ID: 2807849 • Letter: E

Question

Explain what capital structure theory (or theories) best describes the following situations. Make sure to cite at least one of the required textbook chapters for each answer, and to cite at least two references for this section:

A CEO decides to borrow $50,000 in new debt, and the share prices rise dramatically. He then decides to sell half of his own personal shares, and when this is reported in the Wall Street Journal, the share prices drop dramatically in value.

The corporate tax rate rises from 35% to 45%, and the XYZ Corporation decides to issue more debt. A year later, bankruptcy laws are changed to become much stricter and costlier. XYZ then decides to pay back half of its debt.

A CEO named Joe Bigwig is known for living large with very expensive cars and a huge mansion. Joe is seeking a large loan from a bank to finance some new projects for his corporation. However, the bank becomes concerned when they find out that he recently used company funds to buy a brand-new company jet and also schedules numerous business trips to Hawaii and stays in five-star hotels. The bank tells Joe he will receive the loan only if he agrees to scale back on his personal expenses and not give himself or any other executives a raise until the loan is paid back.

Explanation / Answer

1) This situation clearly is a demonstration of pecking order theory. Equity is used as a last resort of financing and preference is given more to internal financing and debt capital. when a large amount of debt is already injected in capital structure then company resorts to use of equity. this does not go down well with investors who believe that the firm might be overvalued and managers are trying to take advantage of overvaluation. As a result, share prices fall.

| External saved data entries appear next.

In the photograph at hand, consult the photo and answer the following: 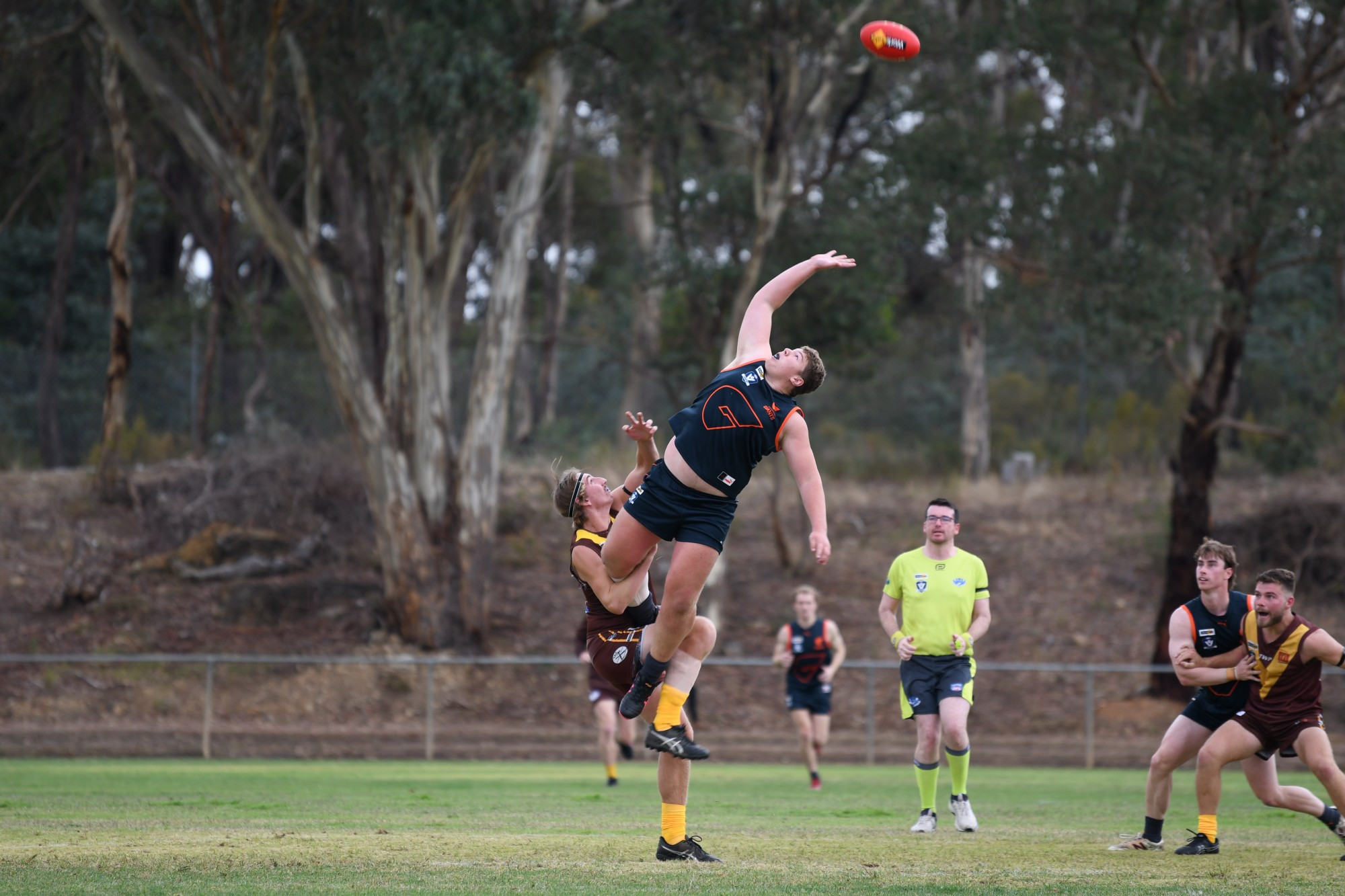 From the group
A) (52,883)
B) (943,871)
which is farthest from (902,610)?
(52,883)

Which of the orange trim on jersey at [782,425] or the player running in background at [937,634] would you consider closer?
the orange trim on jersey at [782,425]

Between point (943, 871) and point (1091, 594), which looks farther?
point (1091, 594)

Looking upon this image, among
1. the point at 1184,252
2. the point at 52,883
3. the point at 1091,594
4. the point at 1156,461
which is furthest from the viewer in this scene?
the point at 1156,461

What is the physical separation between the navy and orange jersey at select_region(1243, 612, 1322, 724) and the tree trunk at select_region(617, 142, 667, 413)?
1889 centimetres

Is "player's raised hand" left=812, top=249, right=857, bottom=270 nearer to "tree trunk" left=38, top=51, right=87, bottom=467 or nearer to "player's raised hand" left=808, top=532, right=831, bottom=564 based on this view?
"player's raised hand" left=808, top=532, right=831, bottom=564

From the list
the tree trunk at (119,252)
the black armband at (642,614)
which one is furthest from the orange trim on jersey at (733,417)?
the tree trunk at (119,252)

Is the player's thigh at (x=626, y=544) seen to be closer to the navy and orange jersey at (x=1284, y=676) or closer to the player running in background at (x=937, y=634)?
the player running in background at (x=937, y=634)

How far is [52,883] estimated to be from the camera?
561 centimetres

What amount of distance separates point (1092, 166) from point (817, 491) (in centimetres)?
1905

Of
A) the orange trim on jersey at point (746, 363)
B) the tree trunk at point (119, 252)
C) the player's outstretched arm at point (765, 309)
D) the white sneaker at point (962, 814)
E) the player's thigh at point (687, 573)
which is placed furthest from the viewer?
the tree trunk at point (119, 252)

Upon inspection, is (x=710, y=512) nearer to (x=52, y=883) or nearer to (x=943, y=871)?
(x=943, y=871)

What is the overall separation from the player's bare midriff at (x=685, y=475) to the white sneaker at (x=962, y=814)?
12.4 feet

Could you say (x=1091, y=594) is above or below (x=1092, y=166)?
below

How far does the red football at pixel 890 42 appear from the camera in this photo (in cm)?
1003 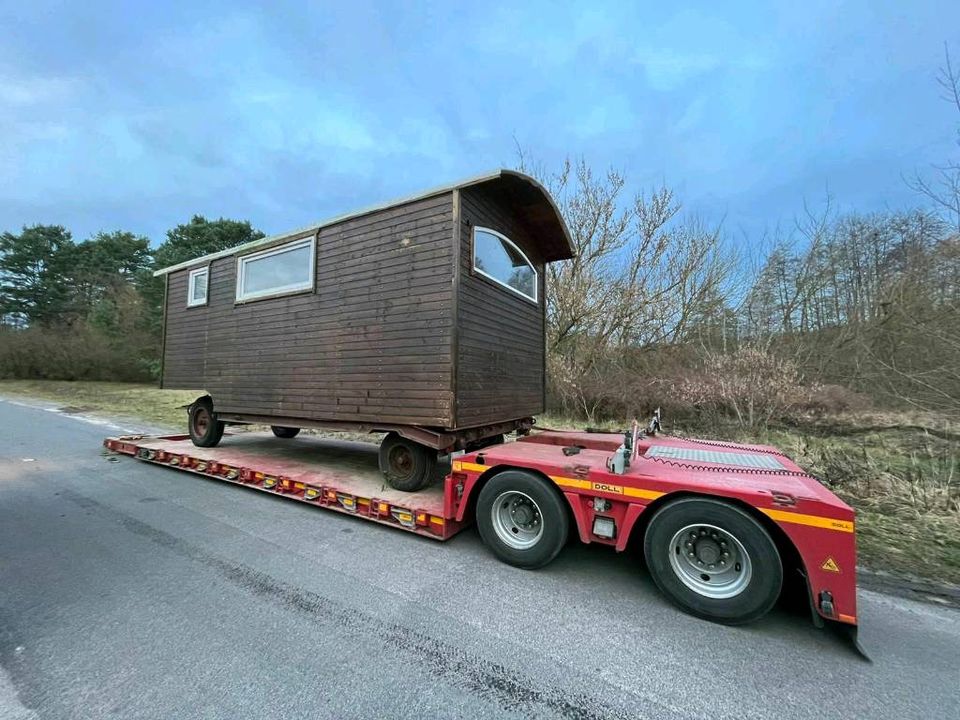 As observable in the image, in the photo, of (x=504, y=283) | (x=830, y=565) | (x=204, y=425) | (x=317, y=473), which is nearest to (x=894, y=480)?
(x=830, y=565)

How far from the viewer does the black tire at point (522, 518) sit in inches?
132

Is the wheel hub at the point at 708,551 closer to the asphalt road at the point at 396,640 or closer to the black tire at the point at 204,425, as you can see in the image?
the asphalt road at the point at 396,640

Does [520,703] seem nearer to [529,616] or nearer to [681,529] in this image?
[529,616]

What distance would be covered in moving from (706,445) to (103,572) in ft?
17.8

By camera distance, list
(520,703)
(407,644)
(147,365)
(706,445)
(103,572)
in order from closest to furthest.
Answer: (520,703) < (407,644) < (103,572) < (706,445) < (147,365)

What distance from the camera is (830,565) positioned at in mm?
2461

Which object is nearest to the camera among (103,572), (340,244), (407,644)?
(407,644)

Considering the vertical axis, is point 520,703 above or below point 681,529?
below

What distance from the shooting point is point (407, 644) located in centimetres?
244

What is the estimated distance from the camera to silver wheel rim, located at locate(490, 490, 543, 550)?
11.6 feet

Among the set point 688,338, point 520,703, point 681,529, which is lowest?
point 520,703

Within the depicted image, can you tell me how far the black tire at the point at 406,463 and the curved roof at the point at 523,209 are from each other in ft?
9.76

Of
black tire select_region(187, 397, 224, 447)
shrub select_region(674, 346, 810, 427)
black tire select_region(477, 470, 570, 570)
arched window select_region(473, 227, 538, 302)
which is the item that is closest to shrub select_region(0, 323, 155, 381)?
black tire select_region(187, 397, 224, 447)

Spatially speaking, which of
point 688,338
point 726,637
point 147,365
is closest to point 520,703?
point 726,637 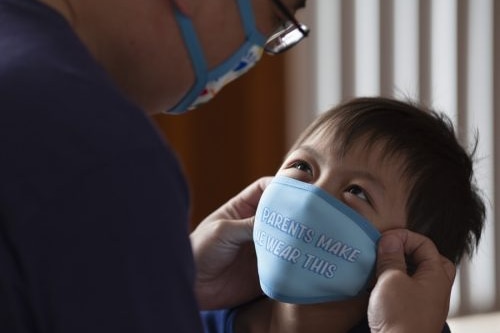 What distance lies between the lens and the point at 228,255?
1.81 meters

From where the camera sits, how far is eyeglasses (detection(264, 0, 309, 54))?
1.20 meters

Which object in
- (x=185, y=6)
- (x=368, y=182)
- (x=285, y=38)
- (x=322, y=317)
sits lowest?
(x=322, y=317)

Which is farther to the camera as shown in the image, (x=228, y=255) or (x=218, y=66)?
(x=228, y=255)

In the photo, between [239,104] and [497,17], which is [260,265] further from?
[497,17]

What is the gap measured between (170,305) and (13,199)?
0.57 ft

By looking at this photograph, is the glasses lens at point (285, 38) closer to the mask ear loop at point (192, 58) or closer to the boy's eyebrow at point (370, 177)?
the mask ear loop at point (192, 58)

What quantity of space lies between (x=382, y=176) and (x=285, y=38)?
16.1 inches

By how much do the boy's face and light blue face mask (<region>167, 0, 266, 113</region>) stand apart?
415mm

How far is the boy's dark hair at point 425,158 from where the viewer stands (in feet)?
5.43

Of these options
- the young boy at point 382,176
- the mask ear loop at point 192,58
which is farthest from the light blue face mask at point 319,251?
the mask ear loop at point 192,58

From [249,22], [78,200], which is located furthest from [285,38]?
[78,200]

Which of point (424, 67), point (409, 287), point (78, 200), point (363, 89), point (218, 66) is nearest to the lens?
point (78, 200)

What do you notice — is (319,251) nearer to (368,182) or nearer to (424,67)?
(368,182)

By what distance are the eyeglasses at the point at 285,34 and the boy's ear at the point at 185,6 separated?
0.14 m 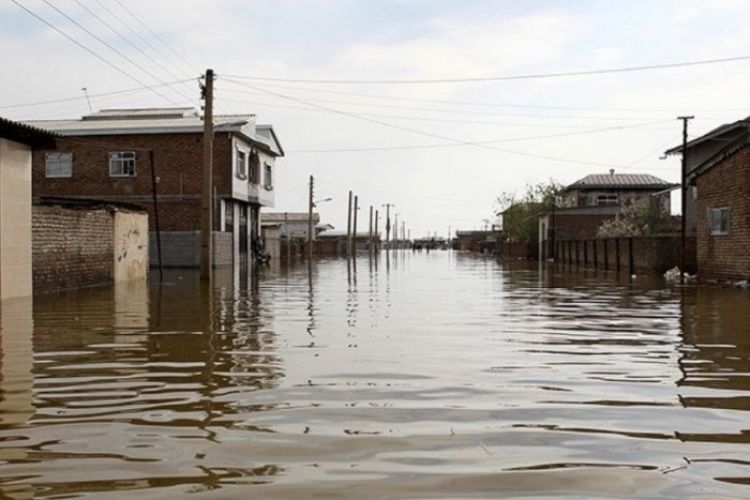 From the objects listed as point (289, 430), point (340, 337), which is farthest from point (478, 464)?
point (340, 337)

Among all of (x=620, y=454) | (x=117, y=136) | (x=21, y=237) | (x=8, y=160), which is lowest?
(x=620, y=454)

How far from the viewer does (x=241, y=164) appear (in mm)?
46156

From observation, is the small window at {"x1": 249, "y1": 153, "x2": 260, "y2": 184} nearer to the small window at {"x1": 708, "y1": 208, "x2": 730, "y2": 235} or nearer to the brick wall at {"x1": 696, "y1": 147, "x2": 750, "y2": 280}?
the brick wall at {"x1": 696, "y1": 147, "x2": 750, "y2": 280}

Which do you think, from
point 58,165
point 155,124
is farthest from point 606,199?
point 58,165

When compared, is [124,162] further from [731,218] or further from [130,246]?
[731,218]

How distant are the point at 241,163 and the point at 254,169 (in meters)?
3.44

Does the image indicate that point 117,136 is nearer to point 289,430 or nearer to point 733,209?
point 733,209

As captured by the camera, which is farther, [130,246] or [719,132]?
[719,132]

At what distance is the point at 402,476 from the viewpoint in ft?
16.4

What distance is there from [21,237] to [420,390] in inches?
592

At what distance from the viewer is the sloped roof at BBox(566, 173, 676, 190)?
233 ft

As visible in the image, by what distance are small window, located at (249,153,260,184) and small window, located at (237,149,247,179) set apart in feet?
6.16

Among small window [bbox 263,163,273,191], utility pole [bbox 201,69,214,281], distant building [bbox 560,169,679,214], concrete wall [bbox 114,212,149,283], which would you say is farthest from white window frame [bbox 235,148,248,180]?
distant building [bbox 560,169,679,214]

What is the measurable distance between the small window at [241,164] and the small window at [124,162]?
5268 mm
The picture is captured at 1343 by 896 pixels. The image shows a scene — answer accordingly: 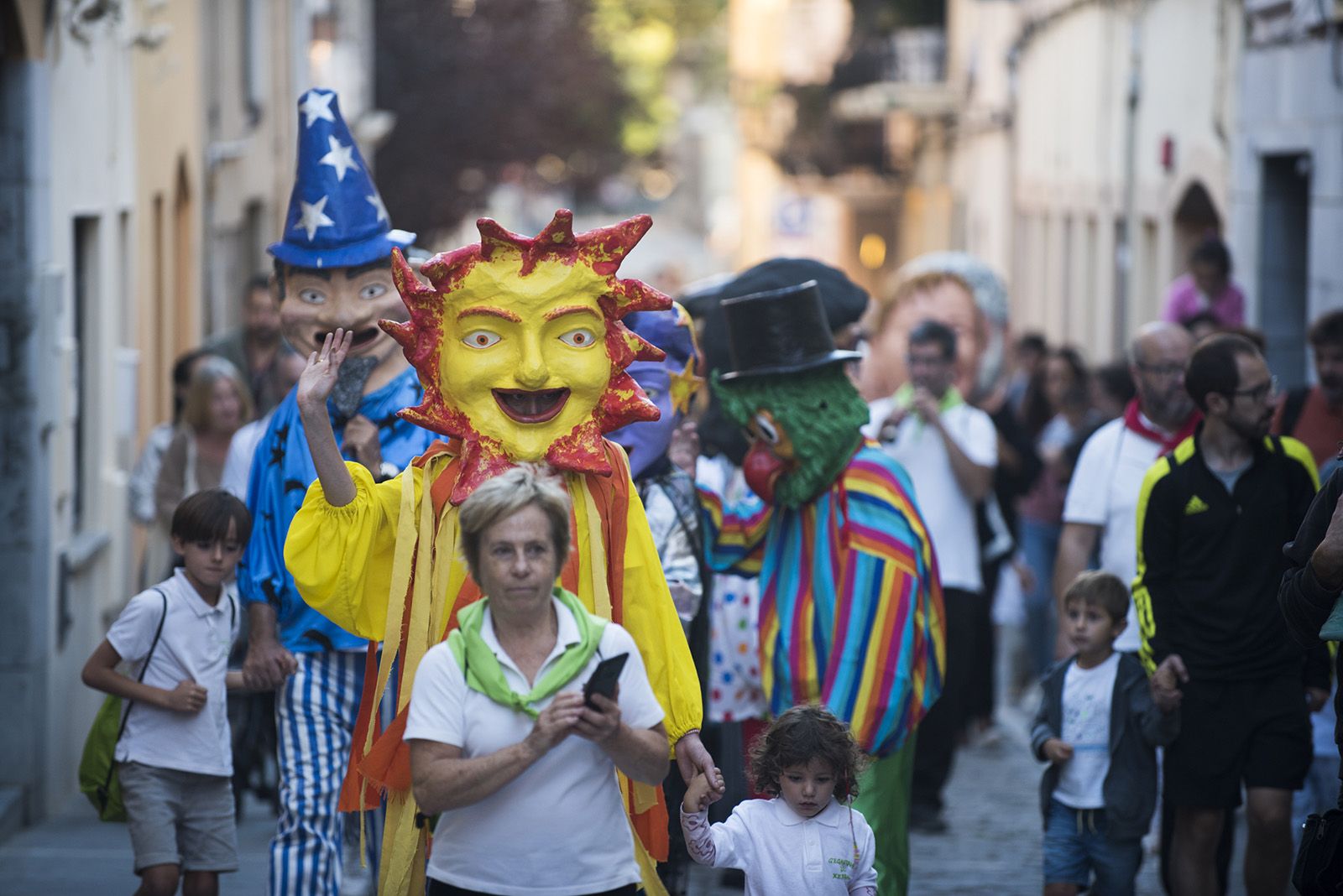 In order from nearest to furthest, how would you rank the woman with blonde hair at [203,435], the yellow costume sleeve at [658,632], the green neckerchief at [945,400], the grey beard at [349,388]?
the yellow costume sleeve at [658,632]
the grey beard at [349,388]
the woman with blonde hair at [203,435]
the green neckerchief at [945,400]

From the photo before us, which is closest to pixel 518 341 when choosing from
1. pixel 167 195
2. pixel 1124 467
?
pixel 1124 467

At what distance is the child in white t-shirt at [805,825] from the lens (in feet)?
16.7

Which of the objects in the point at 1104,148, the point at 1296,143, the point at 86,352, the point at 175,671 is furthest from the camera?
the point at 1104,148

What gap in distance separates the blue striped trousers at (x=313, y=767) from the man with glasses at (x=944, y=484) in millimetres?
3512

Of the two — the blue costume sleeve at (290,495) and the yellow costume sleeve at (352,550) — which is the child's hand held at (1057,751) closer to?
the blue costume sleeve at (290,495)

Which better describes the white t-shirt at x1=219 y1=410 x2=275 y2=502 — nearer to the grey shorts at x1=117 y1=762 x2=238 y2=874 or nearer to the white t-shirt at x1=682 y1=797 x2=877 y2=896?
the grey shorts at x1=117 y1=762 x2=238 y2=874

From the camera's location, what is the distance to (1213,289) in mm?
12305

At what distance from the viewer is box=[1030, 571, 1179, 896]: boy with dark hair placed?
258 inches

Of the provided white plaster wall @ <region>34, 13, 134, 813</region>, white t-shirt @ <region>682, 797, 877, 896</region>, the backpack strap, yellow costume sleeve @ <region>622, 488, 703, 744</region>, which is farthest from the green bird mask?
white plaster wall @ <region>34, 13, 134, 813</region>

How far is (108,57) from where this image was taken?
35.7 feet

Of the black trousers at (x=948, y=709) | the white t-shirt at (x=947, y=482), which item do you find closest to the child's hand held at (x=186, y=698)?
the black trousers at (x=948, y=709)

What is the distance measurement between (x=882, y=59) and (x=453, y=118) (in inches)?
305

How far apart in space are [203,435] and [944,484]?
10.4 feet

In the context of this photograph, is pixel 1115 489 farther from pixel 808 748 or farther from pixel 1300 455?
pixel 808 748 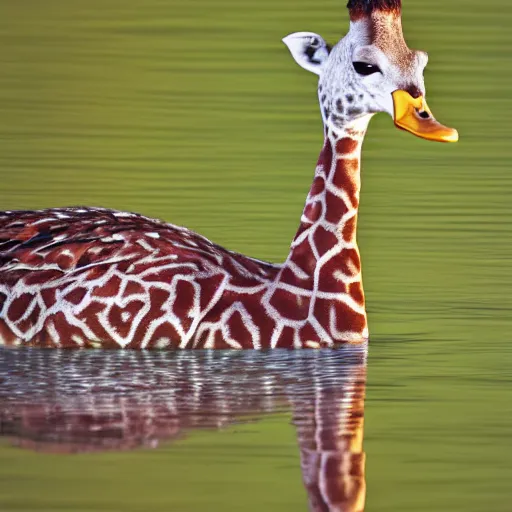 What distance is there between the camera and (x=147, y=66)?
83.3 ft

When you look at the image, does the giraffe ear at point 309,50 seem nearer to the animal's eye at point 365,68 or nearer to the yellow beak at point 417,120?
the animal's eye at point 365,68

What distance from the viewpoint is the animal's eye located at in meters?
12.9

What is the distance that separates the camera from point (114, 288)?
12844mm

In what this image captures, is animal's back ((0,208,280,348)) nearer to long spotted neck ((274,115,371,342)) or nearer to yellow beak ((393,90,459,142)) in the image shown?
long spotted neck ((274,115,371,342))

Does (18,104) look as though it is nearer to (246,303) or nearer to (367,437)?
(246,303)

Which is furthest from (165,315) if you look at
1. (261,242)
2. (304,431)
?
(261,242)

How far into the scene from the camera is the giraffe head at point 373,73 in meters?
12.7

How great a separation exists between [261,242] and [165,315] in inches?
117

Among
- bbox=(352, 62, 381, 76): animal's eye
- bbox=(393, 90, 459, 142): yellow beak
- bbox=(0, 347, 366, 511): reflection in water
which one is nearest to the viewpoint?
bbox=(0, 347, 366, 511): reflection in water

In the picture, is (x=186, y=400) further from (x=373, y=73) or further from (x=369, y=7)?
(x=369, y=7)

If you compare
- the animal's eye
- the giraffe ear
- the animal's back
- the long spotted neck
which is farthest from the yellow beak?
the animal's back

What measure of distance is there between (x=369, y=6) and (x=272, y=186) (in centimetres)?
512

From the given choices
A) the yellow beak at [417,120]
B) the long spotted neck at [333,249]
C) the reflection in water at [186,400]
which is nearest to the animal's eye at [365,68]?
the yellow beak at [417,120]

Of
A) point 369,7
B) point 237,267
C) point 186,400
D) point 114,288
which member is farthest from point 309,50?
point 186,400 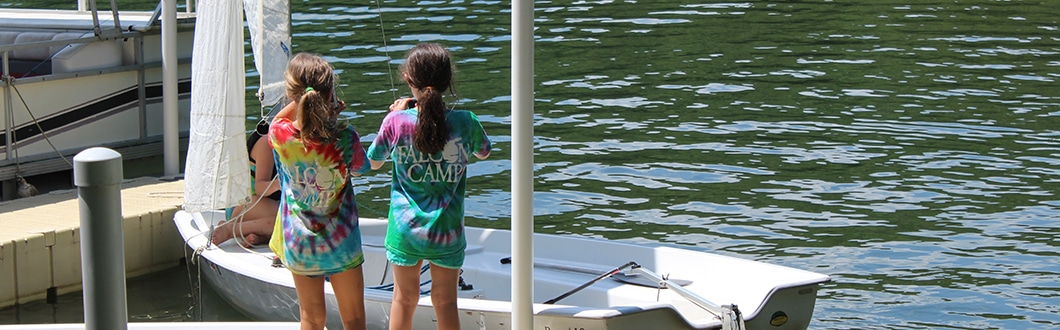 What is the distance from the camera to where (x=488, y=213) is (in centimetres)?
1061

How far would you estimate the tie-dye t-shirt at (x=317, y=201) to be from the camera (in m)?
5.49

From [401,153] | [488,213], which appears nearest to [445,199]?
[401,153]

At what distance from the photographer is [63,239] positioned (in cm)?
834

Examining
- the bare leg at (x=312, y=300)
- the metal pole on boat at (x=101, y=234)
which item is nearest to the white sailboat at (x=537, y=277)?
the bare leg at (x=312, y=300)

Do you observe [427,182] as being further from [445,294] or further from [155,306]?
[155,306]

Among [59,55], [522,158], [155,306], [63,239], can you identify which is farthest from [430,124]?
[59,55]

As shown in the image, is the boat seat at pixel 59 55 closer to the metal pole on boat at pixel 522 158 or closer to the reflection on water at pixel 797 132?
the reflection on water at pixel 797 132

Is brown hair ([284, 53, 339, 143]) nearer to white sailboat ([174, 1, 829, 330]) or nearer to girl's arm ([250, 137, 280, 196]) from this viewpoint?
white sailboat ([174, 1, 829, 330])

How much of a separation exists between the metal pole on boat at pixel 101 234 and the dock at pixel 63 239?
4.46 meters

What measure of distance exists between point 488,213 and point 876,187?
327 centimetres

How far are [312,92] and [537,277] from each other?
2.37 meters

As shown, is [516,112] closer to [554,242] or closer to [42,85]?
[554,242]

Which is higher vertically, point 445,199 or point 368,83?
point 445,199

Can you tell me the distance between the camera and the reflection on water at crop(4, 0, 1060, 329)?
930 cm
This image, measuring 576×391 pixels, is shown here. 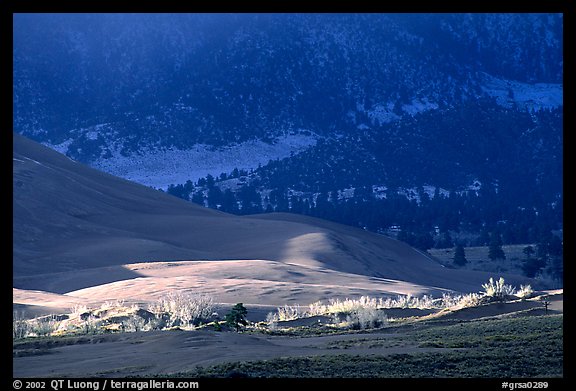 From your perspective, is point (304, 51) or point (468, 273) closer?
point (468, 273)

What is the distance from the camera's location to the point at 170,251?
5366 centimetres

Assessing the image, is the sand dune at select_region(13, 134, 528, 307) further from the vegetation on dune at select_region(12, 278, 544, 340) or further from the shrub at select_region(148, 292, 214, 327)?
the shrub at select_region(148, 292, 214, 327)

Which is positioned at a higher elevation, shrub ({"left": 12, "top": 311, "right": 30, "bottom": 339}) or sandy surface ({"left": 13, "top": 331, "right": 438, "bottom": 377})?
shrub ({"left": 12, "top": 311, "right": 30, "bottom": 339})

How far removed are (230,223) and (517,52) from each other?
10339 cm

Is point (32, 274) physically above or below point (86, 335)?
above

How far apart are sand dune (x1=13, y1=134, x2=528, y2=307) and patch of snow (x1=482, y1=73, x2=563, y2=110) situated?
7880 cm

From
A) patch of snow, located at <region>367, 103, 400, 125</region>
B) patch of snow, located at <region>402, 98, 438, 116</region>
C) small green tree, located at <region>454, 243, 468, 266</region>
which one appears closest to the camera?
small green tree, located at <region>454, 243, 468, 266</region>

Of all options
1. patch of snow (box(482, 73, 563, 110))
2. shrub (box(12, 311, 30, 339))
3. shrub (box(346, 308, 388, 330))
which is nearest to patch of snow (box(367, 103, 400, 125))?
patch of snow (box(482, 73, 563, 110))

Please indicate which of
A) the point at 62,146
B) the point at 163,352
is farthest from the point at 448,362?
the point at 62,146

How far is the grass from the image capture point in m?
15.7
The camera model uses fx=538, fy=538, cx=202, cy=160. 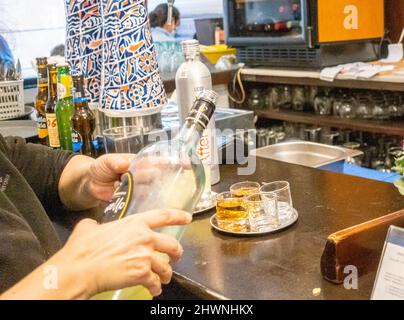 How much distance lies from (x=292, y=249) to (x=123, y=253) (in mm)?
373

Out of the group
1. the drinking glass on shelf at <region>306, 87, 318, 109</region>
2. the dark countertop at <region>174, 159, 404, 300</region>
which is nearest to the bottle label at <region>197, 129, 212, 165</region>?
the dark countertop at <region>174, 159, 404, 300</region>

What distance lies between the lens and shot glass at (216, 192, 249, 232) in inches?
39.0

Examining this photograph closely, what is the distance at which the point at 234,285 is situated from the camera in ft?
2.62

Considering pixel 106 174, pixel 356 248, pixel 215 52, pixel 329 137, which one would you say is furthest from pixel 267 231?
pixel 215 52

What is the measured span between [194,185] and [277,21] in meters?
2.21

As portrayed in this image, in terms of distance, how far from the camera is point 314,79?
2723mm

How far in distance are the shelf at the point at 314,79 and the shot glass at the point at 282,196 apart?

2) This situation is an example of the trade off theory which gives preference to existence of bankruptcy costs. It allows bankruptcy cost to exist in context of using debt as tax shield. It states that there is an advantage to financing with debt, namely, the tax benefits of debt which clearly reduces the annual interest payment.

3) Since the CEO is seeking a large loan it may be assumed that his company primarily relies on debt financing in general. The theories that can be applied to this situation could be the MM proposition with taxes which states that optimal capital structure consists of 99.99% debt and also the pecking order theory which also undermines equity financing and opts for internal and debt financing.